**To do:** Don't include any picture when you restate the data word for word.

(Collected data entries)
Segment Open

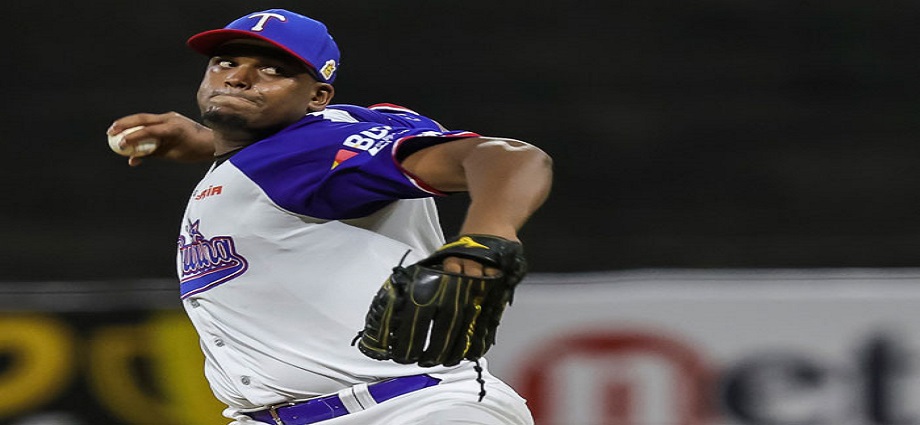 Tiburones, Águilas y Caribes victoriosos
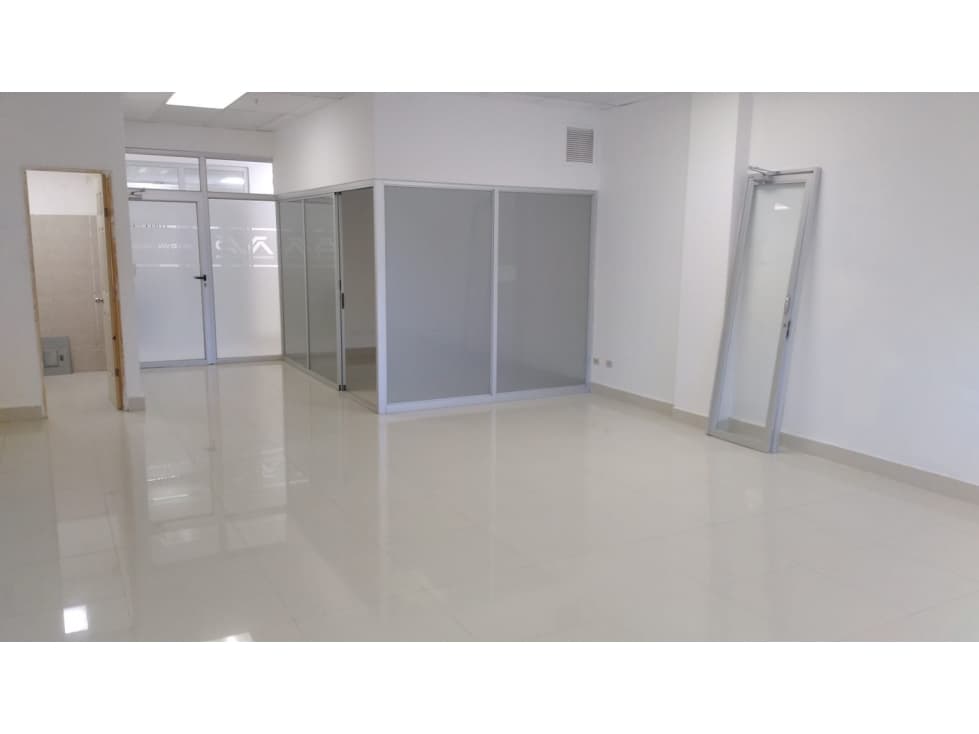 ALQUILER DE OFICINA EN EL CARMEN (8) — foto 1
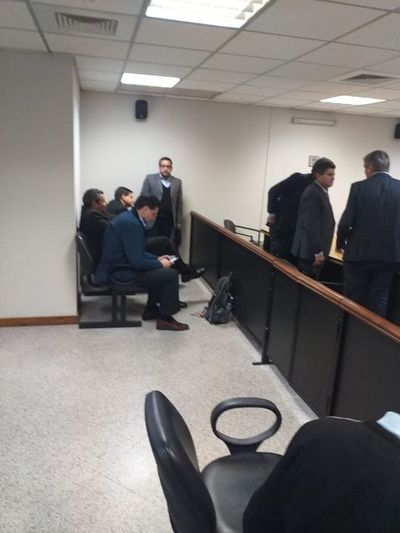 Condenan a prisión a exministro Luis Riart - Nacionales - ABC Color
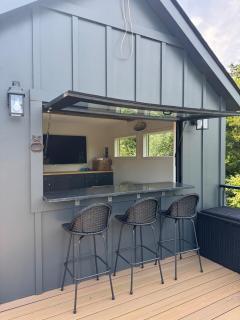 Gray Owl Lodge- A Serene Lakefront Retreat on Sleepy Hollow Lake near Hudson NY - 3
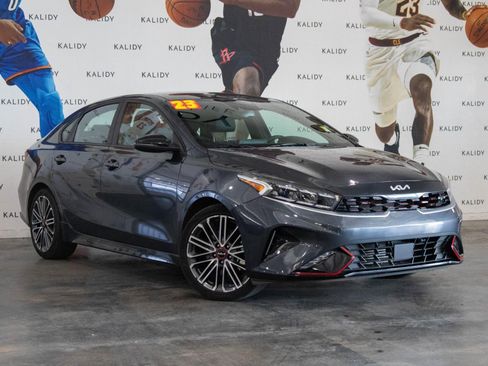 Used 2023 Kia Forte GT image 2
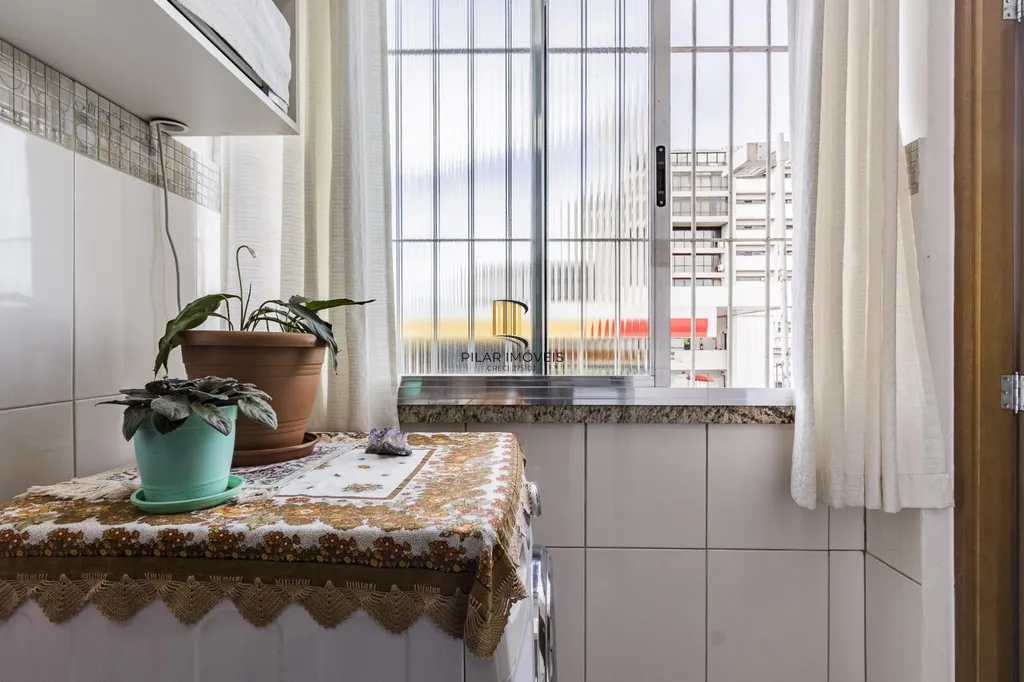 Apartamento 3 dormitórios no bairro Azenha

Segment Closed

**Exercise solution:**
 Tiburones, Águilas y Caribes victoriosos
 ALQUILER DE OFICINA EN EL CARMEN (8) — foto 1
 Condenan a prisión a exministro Luis Riart - Nacionales - ABC Color
 Gray Owl Lodge- A Serene Lakefront Retreat on Sleepy Hollow Lake near Hudson NY - 3
 Used 2023 Kia Forte GT image 2
 Apartamento 3 dormitórios no bairro Azenha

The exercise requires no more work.